Fisher writes in an evocative and rich narrative style. Smells, flavours, textures of dishes become potent—almost tangible—in the setting of meetings amongst friends and imminent friends-to-be, of dinners shared with lovers in empty restaurants, of the quiet meditation over dinners relished alone in the bowels of a ship. In turn, Fisher’s electric prose moves between intense, vivid recollections.

Amidst it all—this warm, beautiful, sublime description of experiences and food shared—is a word that appears multiple times throughout the text: voluptuous. Fisher ate alone “thoughtfully and voluptuously” and, later, “slowly and voluptuously"; lips are “voluptuous,” soufflés “sigh voluptuously.” What other word is so ideal for writing on food, and the experience of eating it? The first definition of Voluptuous as an adjective describes food that might be opulent, shapely, well-formed, even sensual. The second definition of voluptuous, as an adverb—voluptuously—describes the very process of eating: with pleasure, in a moment of hedonism, as a luxury. It is a word at the forefront of this book, and at pivotal  to all of Fisher’s experiences with food. Were it not for the risk of sounding dull, perhaps she would have used it to describe each and every meal enjoyed in these pages.

“It was the most delicious dish we had ever eaten,” or phrases to that effect, also frequently prefix descriptions of multiple meals. Of course, not all of these dishes could be “the most delicious.” She writes with an air of hyperbole to demonstrate the inimitable enjoyment, beauty and thrill of the moments in which the dishes take centre stage. The word “delicious” in these instances describes not only the wines and meats and cheeses and fish, but the friends, countries, cultures, restaurants, strangers, climates, and so on that they are enjoyed in and with. By describing each of these moments in the same way, as the “best,” Fisher is, conversely, highlighting their uniqueness and incomparability.
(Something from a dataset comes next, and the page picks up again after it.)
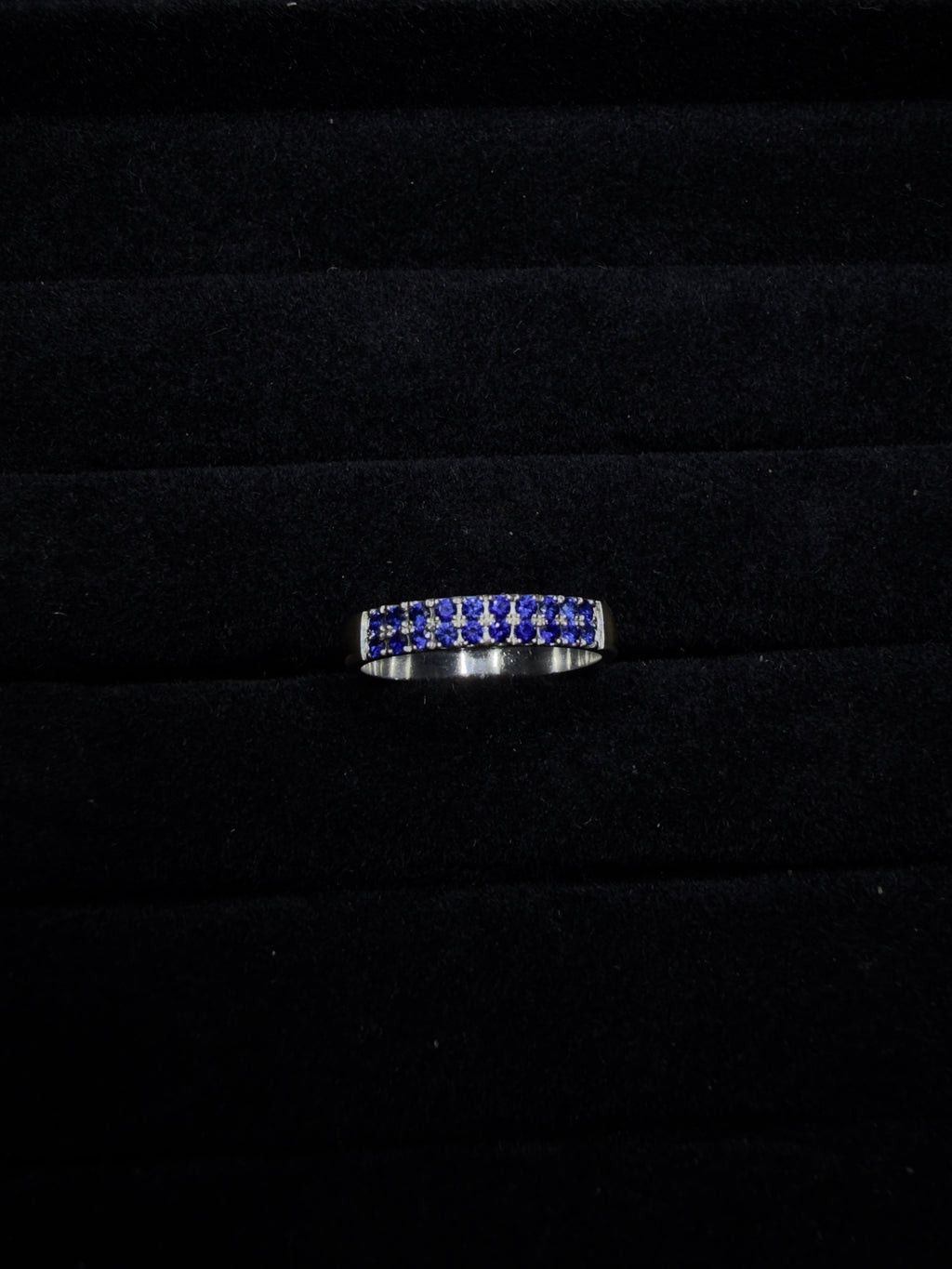Anillo Pavé Doble de Zafiro Azul Lab Grown - Plata 950 | HADES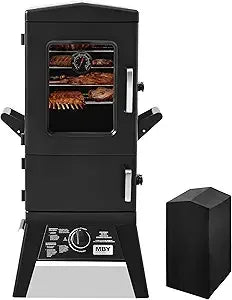 Propane Smoker with Cover, Vertical Smoker Grill with Temperature Control Three Removable Smoking Shelves - Ohberri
Fisher is singularly candid in this memoir. A strange, slightly unsettling moment occurs between two pages. In the first, Al—Fisher’s husband—is at the centre of every shared experience, and is the source of that insulating love described earlier. But then, on the next page, as though a switch has been turned somewhere in between, Al has all but disappeared, replaced by Chexbres, “the only man in the world I knew.” This moment is sad—even shocking for the reader—but it is frank and honest. From the point Chexbres enters, Al’s name is only mentioned once or twice more. While some might perceive this to be cold and brutal, it reflects Fisher’s thoughts—her feelings have transferred to someone else, and, consequently, so has the food she enjoys, her experiences, and her writing. When Chexbres is dying, Fisher is equally candid, writing how, as she went to “get medicine for him, [she] figured coldly to last as long as he did.”

This is, quite simply, a beautiful book. It does, of course, what other books on food do: it weaves human experience—a huge array, at that, with love, fear, death, marriage, travel, etc.—with meals enjoyed, disliked, made, made-up, and cared for. However, it does so in a way that makes the reader savour every word—every description of people, food and places. This savouring extends beyond the page; as Fisher teaches friends and family to truly experience mealtimes—or, in her words, to eat “voluptuously"—we learn to savour and cherish the flavours and relationships we experience in our lives, too. This book is not only for those obsessed with social, emotional and material pleasures of food; Fisher’s memoir is ungendered and universally relatable. As we learn from her writing, we all live to satiate hungers and cravings.